ER-negative, specifically TN tumors, had a statistically significant differential frequency of copy number loss at 14q32.2 (p=0.001) when compared to the ER-positive and non-TN tumors, respectively and rarely occurred in HER2-positive tumors (5%) (Table 4). In addition, this CNA occurred more than twice as often in TN tumors of AA women compared to TN tumors of CA women (59% vs. 21%, respectively). The 14q32.2 region contains the gene for the microRNA, miR-342. MiR-342 has a critical role in proliferation, differentiation, development, and metabolism (reviewed in ) and functions as a pro-apoptotic tumor suppressor in colon tumors . For breast cancer, a recent study demonstrated that miR-342 expression was highest in ER-positive and HER2-positive breast tumors and lowest in TN/basal tumors. This expression pattern is consistent with the CNA profiles they we found at 14q32.2 for the breast tumor subtypes, suggesting that copy number loss at 14q32.2 in TN tumors may lead to the downregulation of miR-342 expression, particularly in tumors of AA women.

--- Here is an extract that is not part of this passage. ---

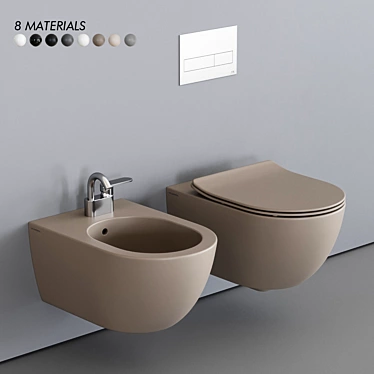 App Wall-Hung WC & Bidet 3D model image 1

Although the current literature has been inconsistent with respect to biological differences between tumors of AA and CA women, two recent reports support the hypothesis that biological differences exist and find that in women with breast tumors of similar ER status, AA women have poorer survival than CA women, even after adjustment for socioeconomic factors [44,45]. In addition, a separate study showed that there are biological differences impacting angiogenesis, chemotaxis, and immunobiology pathways in breast tumors of AA and CA women based on the comparison of gene expression profiles of tumor and stromal tissue from breast tumors of these two racial populations . Our preliminary findings of differences in CNA frequencies in TN tumors from AA and CA women support the observations that there may be biological differences in the TN tumors. It is still unknown how these differences contribute to prognosis for AA and CA women.
One potential study limitation was selection bias in the array-tested samples. Therefore, we conducted a weighted analysis to address the issue of selection bias, but cannot be certain that this weighting completely addressed that issue. In addition, although there were limitations in the use of the moderate resolution BAC array for the identification of CNAs, we successfully demonstrated that we could confirm previously identified CNAs associated with specific breast cancer subtypes and identify additional novel CNAs not previously reported, particularly for the TN/basal subtype.
In this report we found characteristic genomic alterations associated with subtypes of breast cancer. The breast cancer samples included in this study were a part of a larger cohort of young women, and included the largest aCGH study on both breast tumors from young women and on number of TN tumors analyzed by aCGH. Further replication studies will need to be performed to confirm these findings. These results can be applied to future studies to increase our understanding of the biology of the different breast cancer subtypes, particularly TN tumors, and differences by race, ultimately leading towards the identification of improved targeted therapeutic strategies and breast cancer survival.